Klaim pembangunan ekonomi yang bertumbuh, berbanding terbalik dengan asupan konsumsi gizi. Pertumbuhan ekonomi yang digadang-gadang, ternyata bertemu dengan realitas kerdil dari generasi mendatang. Perlu upaya keras dibagian ini.

Sesuai dengan prevalensi balita stunting berdasarkan data World Health Organization (WHO), Indonesia merupakan negara ketiga tertinggi di regional Asia Tenggara/ South-East Asia Regional (SEAR). Rerata prevalensi balita stunting di Indonesia 2005-2017 adalah 36,4%.

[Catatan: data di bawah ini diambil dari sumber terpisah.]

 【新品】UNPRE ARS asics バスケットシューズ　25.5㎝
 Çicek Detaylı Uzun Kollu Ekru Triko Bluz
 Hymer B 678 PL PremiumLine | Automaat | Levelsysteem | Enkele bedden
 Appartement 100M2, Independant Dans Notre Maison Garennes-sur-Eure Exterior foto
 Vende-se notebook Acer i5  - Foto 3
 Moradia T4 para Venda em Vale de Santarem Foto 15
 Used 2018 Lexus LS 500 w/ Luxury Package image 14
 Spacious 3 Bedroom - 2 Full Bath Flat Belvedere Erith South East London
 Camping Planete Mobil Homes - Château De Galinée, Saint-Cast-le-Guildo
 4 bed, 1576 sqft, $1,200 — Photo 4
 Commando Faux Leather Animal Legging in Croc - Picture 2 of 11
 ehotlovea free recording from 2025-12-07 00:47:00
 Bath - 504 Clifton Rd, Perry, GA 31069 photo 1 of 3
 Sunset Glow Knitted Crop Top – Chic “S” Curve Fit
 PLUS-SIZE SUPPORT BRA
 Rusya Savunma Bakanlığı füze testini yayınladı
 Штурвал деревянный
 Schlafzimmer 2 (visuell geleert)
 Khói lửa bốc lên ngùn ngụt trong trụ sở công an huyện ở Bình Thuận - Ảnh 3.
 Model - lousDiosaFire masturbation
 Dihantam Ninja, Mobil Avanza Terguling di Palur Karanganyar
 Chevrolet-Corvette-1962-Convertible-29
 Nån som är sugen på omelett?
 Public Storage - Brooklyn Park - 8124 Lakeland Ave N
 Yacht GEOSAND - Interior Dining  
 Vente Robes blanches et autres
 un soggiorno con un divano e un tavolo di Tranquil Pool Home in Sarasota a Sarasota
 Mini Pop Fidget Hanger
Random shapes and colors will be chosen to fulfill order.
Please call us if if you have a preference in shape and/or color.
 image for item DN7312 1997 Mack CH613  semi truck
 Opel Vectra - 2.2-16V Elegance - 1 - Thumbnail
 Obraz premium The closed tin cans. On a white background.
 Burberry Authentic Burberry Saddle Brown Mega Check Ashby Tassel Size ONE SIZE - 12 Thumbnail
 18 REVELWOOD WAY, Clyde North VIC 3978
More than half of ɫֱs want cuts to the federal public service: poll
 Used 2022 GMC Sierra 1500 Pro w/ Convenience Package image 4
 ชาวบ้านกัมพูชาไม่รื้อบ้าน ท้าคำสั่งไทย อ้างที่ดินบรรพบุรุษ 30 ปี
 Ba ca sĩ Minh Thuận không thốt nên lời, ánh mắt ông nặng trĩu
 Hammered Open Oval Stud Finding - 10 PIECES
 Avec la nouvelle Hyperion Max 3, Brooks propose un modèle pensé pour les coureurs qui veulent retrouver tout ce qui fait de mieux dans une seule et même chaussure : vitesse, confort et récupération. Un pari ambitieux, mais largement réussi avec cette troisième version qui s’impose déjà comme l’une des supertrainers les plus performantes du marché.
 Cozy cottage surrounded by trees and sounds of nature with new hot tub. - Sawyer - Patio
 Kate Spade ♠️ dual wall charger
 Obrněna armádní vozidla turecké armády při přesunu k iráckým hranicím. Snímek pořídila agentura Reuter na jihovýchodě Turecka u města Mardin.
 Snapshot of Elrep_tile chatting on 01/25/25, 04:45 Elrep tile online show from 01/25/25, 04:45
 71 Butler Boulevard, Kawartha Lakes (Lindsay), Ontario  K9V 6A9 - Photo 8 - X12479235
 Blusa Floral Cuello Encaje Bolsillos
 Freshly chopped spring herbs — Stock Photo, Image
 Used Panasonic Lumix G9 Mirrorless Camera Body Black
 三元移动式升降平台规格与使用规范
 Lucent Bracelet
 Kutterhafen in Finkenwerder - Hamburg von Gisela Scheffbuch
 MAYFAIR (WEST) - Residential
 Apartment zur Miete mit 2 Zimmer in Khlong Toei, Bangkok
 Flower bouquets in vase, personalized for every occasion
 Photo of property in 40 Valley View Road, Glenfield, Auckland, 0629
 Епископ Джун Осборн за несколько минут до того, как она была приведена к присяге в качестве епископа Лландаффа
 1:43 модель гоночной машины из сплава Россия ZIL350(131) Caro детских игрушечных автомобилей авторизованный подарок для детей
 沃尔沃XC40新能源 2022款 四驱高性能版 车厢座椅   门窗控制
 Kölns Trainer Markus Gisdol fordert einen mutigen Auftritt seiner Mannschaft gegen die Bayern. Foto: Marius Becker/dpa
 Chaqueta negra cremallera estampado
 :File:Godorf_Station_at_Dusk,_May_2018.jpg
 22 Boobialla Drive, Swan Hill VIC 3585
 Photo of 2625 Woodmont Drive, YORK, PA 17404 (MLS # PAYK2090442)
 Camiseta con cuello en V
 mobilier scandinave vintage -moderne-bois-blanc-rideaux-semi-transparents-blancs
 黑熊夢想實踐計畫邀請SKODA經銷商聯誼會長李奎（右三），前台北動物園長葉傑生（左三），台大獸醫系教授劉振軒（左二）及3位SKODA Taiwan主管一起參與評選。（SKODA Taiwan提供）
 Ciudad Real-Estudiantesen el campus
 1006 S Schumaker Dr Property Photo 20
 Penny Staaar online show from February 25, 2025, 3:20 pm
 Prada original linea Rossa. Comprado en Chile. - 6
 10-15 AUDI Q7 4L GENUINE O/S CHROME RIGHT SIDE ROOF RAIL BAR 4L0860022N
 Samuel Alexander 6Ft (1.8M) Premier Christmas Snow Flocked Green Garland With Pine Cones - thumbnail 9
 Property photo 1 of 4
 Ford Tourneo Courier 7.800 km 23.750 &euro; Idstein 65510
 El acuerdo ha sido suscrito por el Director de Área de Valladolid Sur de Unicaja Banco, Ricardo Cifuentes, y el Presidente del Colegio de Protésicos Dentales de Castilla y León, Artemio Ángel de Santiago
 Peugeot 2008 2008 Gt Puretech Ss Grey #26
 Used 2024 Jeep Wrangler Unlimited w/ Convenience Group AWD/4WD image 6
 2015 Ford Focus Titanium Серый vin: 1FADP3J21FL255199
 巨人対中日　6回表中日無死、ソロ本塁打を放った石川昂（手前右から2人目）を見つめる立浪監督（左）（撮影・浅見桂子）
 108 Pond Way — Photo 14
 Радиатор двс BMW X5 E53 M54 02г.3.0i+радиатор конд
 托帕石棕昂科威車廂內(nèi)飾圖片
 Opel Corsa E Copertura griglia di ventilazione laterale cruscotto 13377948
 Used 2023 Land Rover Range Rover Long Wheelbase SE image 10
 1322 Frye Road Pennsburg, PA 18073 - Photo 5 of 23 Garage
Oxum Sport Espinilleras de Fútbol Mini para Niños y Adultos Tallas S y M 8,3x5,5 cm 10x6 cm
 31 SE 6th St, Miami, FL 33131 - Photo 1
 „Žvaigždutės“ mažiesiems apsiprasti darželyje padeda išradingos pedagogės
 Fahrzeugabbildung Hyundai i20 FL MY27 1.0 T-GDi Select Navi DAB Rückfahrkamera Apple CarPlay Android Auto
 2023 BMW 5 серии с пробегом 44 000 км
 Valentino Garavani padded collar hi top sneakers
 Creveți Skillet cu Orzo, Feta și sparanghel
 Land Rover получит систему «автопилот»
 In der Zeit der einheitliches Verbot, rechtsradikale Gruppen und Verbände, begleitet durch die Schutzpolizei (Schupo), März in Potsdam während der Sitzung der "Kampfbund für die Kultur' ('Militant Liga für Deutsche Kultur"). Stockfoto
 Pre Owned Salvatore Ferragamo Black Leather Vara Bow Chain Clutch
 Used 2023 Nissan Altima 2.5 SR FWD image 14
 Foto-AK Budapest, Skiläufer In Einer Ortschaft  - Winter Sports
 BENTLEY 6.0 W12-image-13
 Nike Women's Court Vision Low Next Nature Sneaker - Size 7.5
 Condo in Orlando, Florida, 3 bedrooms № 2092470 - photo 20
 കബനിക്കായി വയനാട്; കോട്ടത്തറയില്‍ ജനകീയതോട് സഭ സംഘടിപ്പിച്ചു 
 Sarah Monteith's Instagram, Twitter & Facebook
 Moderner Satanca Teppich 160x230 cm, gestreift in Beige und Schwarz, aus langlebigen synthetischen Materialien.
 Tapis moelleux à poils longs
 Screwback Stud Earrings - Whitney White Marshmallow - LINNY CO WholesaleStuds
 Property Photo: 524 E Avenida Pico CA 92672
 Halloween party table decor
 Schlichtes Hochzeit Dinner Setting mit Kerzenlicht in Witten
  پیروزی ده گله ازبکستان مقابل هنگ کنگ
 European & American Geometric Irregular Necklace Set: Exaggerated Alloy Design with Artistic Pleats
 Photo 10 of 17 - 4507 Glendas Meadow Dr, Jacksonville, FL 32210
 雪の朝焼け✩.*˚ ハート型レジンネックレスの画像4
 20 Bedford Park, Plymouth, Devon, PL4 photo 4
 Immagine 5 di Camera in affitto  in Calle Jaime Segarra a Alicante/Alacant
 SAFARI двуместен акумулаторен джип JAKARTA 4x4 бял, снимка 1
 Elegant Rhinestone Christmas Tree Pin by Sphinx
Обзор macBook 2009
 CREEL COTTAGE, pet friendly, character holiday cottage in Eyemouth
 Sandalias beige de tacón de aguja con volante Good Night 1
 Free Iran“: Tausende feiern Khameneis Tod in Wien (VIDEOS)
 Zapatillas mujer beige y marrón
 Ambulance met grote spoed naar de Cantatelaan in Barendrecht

Padahal komplikasi turunan dari persoalan stunting terbilang luas. Mulai dari aspek kognitif dan psikomotorik, hal ini berkaitan dengan penguasaan ilmu sains serta kegiatan fisik semisal olahraga.

Disamping itu, stunting berpotensi menyebabkan peningkatan problem penyakit degeneratif, sehingga secara general kualitas sumber daya manusia mendatang menjadi lebih rendah.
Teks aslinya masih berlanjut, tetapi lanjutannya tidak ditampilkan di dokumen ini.